Victoria Justice, in any case, is Wren, a beautiful but rather awkward high school senior who has big plans for Hallowe'en.
Class hunk Aaron (Thomas McDonell) is throwing a party, and Wren and her best friend April (Jane Levy) are hoping to go along. In their way stands Wren's mom, Joy (Chelsea Handler), who's in the midst of a mid-life crisis.
Wren's father died the previous year, and Joy is in deep denial and currently dating a 27-year-old twit. As a consequence, she has Hallowe'en plans of her own, which means Wren will have to babysit her mischief-prone little brother, Albert (Jackson Nicoll).
Wren has a crush on Aaron, while shy classmate Roosevelt (Thomas Mann) fancies her.
While they're all ironing out the finer points of this love triangle, little Albert goes missing while on the hunt for Hallowe'en chocolate.
Thereafter Fun Size mixes romance and low farce with the desperate search for a little boy who's dressed as Spider-Man and in the mood for picking fights.
Written by Max Werner, the film's premise is slender enough to begin with but is further hamstrung by bad jokes and criminally lazy dialogue.

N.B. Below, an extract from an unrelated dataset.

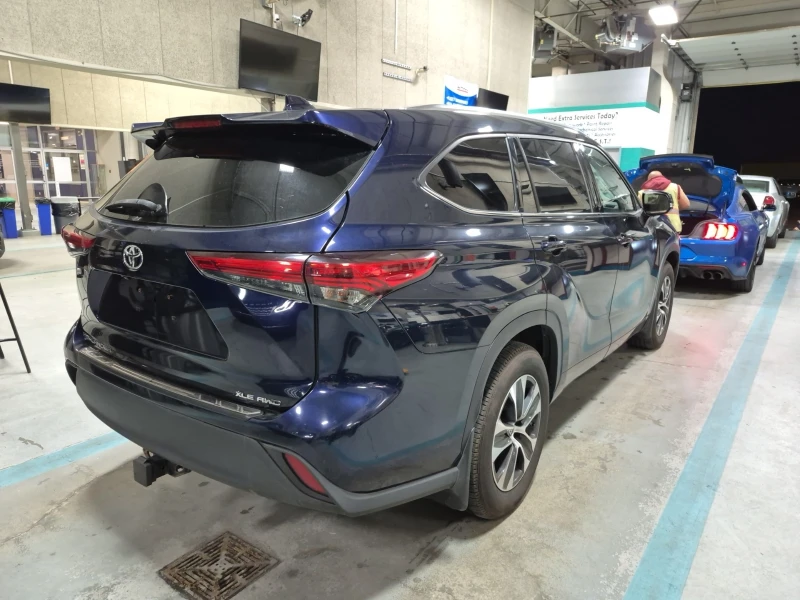Toyota Highlander XLE* Шибидах* Подгрев* Задна камера* , снимка 3 - Автомобили и джипове - 53414980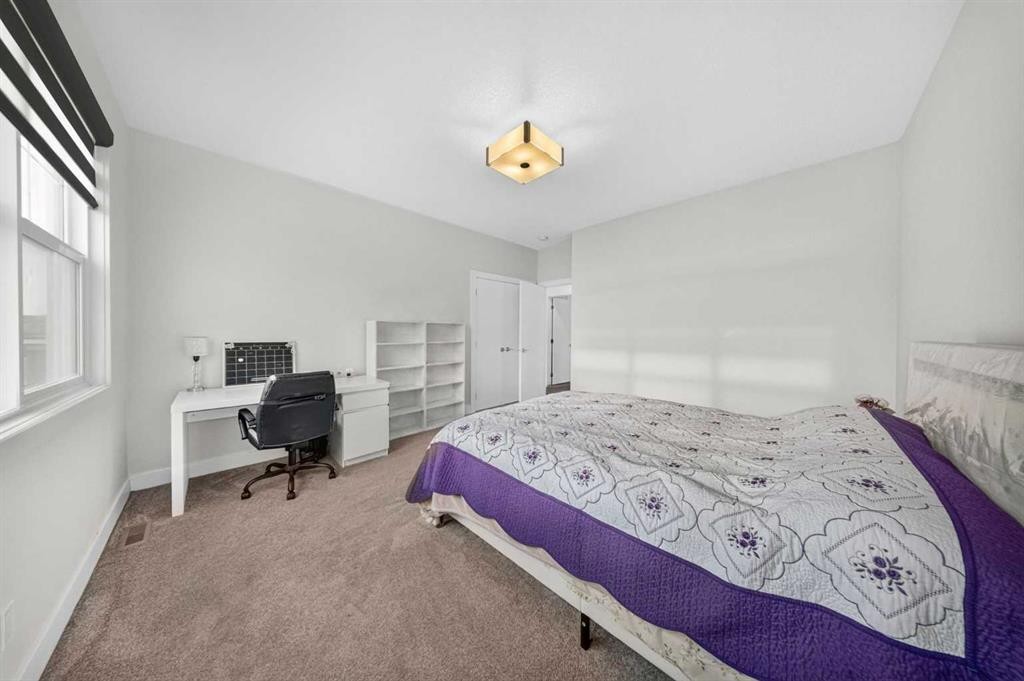 47 Waterford Heights, Chestermere, AB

At one point, when Wren and April are fighting, one says to the other "stop -- you're getting your nerd juice all over me".
Now, surely it would have been possible to come up with something snappier than that.
The jokes it does manage to pull off wear pretty thin after a while, and though the young cast do well enough, they're given precious little to work with, and only Chelsea Handler manages to intermittently amuse.
The thing that really offended me about this film, though, was not the script or the performances but the fact that Wren's dad -- who died at a tragically young age of course -- was born in the same year as me.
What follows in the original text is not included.